DFRWS APAC 2025 - Paper accepted
1 August 2025
Our article on "Media Source Similarity Hashing (MSSH): A Practical Method for Large-Scale Media
Investigations" was accepted at DFRWS APAC 2025. The paper will be presented at the Digital Forensic Research Workshop (DFRWS) APAC 2025 in November 2025 in Seoul, South Korea.
Authors: Samantha Klier and Harald Baier
Abstract:
Hash functions play a crucial role in digital forensics to mitigate data overload. In addition to traditional cryptographic hash functions, similarity hashes - also known as approximate matching schemes~- have emerged as effective tools for identifying media files with similar content. However, despite their relevance in investigative settings, a fast and practical method for identifying files originating from similar sources is still lacking. For example, in Child Sexual Abuse Material (CSAM) investigations, it is critical to distinguish between downloaded and potentially self-produced material. To address this gap, we introduce a Media Source Similarity Hash (MSSH), using JPEG images as a case study. MSSH leverages structural features of media files, converting them efficiently into Similarity Digests using n-gram representations. As such, MSSH constitutes the first syntactic approximate matching scheme. We evaluate the MSSH using our publicly available source code across seven datasets. The method achieves AUC scores exceeding 0.90 for native images — across device-, model-, and brand-level classifications, though the strong device-level performance likely reflects limitations in existing datasets rather than generalizable capability — and over 0.85 for samples obtained from social media platforms.

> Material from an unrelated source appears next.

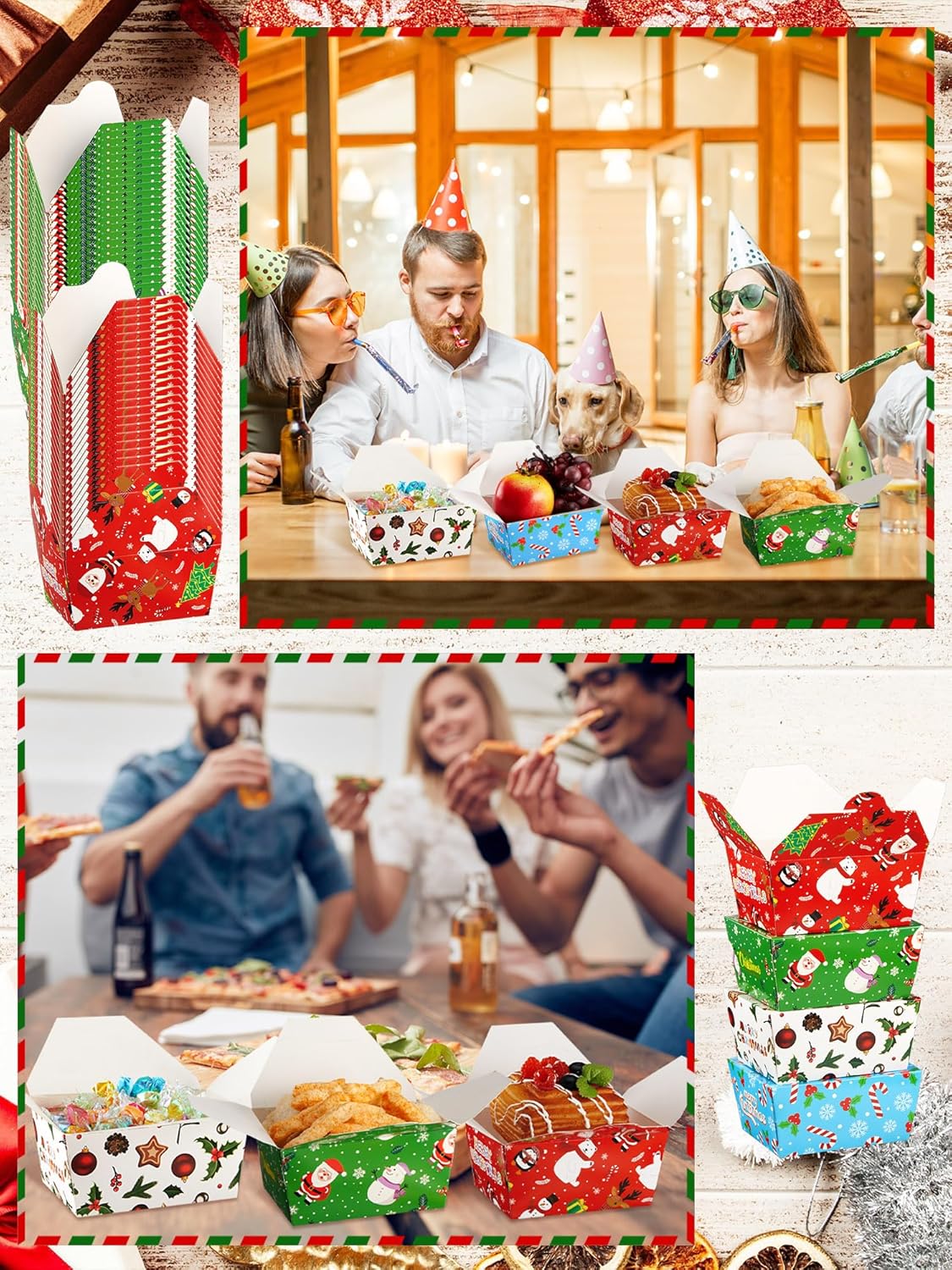 Paquete de 60 cajas de comida para llevar de Navidad de 2.56 x 4.65 x 3.54 pulgadas, cajas desechables de Navidad para llevar, cajas de regalo de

Despite its lightweight design, MSSH delivers a performance comparable to that of resource-intensive, established Source Camera Identification (SCI) approaches, and surpasses them on a modern dataset, achieving an AUC of 0.97 compared to their AUCs, which range from 0.74 to 0.94. These results underscore MSSH’s effectiveness for media source analysis in digital forensics, while preserving the speed and utility advantages typical of hash-based methods.